The view continues in the downstairs living room, which features a two-sided, raised-hearth, wood-burning stone fireplace that extends up to the second story. The identical fireplaces have a wood beam mantel and storage for firewood on one side.
A fly rod that belonged to Brandon’s grandfather hangs on the wall above the floor-to-ceiling windows, and fishing pictures are nestled between the windows. Many of the furnishings are antiques, and Brandon uses a tiger wood chest with crystal drawer knobs as a TV stand.
“Most of the furniture is from boutiques or secondhand,” he says. “I didn’t want to go modern because it’s not a modern house.”
A downstairs guest room includes an antique chest tucked between twin beds with wood headboards.
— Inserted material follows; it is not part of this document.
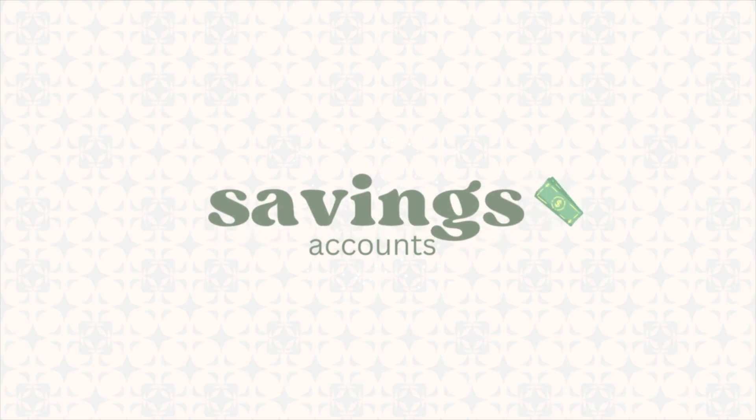Moving on to savings accounts — all my savings accounts are high yield savings accounts. Right now the interest on those accounts is 4.15%, which I think is one of the highest interest rates I've seen. Of course, it is because inflation is high and the Fed has raised interest rates, but I want to take advantage of it until things change.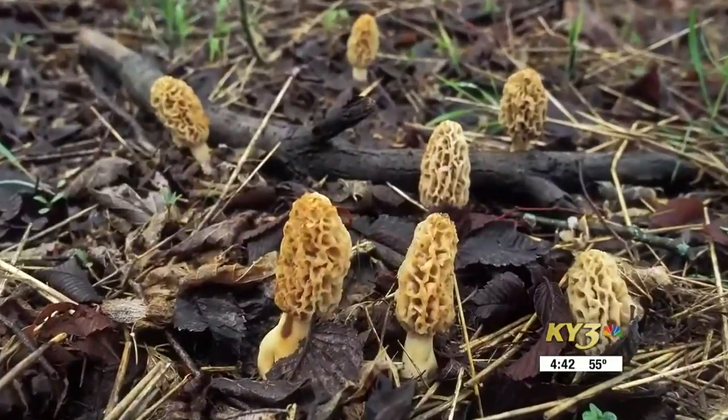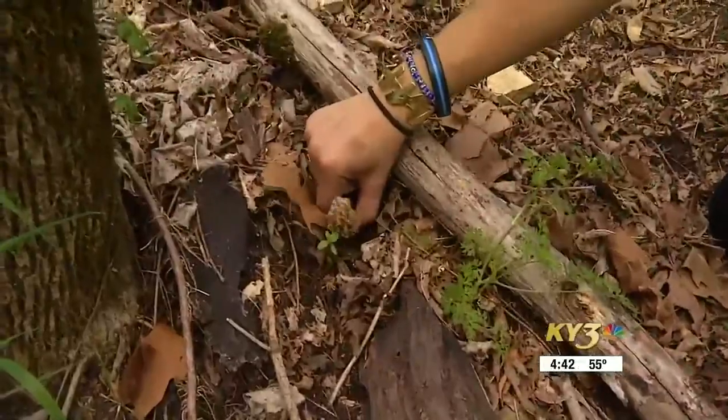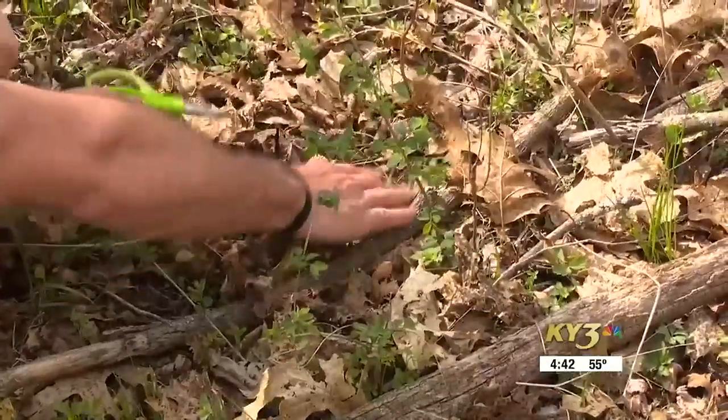You can find more tips on hunting for, identifying, and storing morels in this story on ky3.com and also on our news app.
More nostalgic Clarks Hill prints hang on the wall above the beds.
While the lake view is gorgeous from the first floor, it’s simply stunning from the upstairs living room.
“This is the spot,” says Brandon. “This is where I spend most of my time.”
With a feeling of spaciousness, the upper level features more windows that stretch from the pine flooring to the tongue-and-groove cathedral ceiling.
“The ceiling is one of the prettiest features of the house,” Brandon says. “We painted the walls off-white to make the ceiling pop.”
Furnishings include a contemporary floor lamp, leather chaise lounge, dropleaf table behind a leather couch, leather chair with an ottoman, antique rocking chair and TV. Reflecting Brandon’s love of the outdoors, three deer heads are mounted above the fireplace and a duck decoy made of cork sits on the wood beam mantel.
Hanging on the stone fireplace, an old saw blade is painted with a spring scene on one side and a fall scene on the other. An old-fashioned fireplace bellows leans against the stone wall.
The view through the windows is just as impressive at night as it is in the daytime.
“When the moon is full, it comes through the windows and shines onto the porch,” says Brandon.
Moonlight isn’t the only attraction of the covered screened-in porch, however. The space also features a white cathedral ceiling, wicker couch, round table with two chairs, strands of Edison lights and mosquito net in the doorway.
“It’s nice to come out here in the morning and feel the cool air,” Brandon says. “It’s like natural AC.”
Tucked between the living room and the screened-in porch, the dining area includes a distressed wood table with a bench on each side and a chair at each end. Brandon, who works in sales, uses the table as his desk, and he likes to leave the door open when he’s working at his laptop.
The kitchen includes a coffee station, granite countertops, tile backsplash and two barstools at the peninsula. Three small shelves are hung by rope on the wall. The middle shelf holds an upside down wood “Lake” sign with an arrow.
It’s no accident that the sign is upside down, though. The arrow is facing the wrong direction, so Brandon simply flipped it so that the arrow would point toward the lake.
This level of the house also includes the master bedroom, which has a king-sized bed with a studded leather headboard and footboard, and a guest room.
Painted a deep shade of blue, the guest room features antique furnishings such as a bed with a wood-slatted headboard, dresser with a mirror and ladderback chair.
A nook with another bed and bath overlooks the upstairs living room. This loft space also includes a tongue-and-groove ceiling and pine flooring with a darker stain.
“Waking up here is beautiful,” says Brandon. “There’s just a little fog on the water. The mornings are spectacular.”
The only thing better than looking at the lake, though, is spending time on it. Whether he’s on his Jet Ski or his current boat, Brandon goes out on the lake every weekend.
“I love it here. It’s so peaceful and quiet,” he says. “I enjoyed living in cities, but I always wanted to come back home. There’s nothing like living in the country.”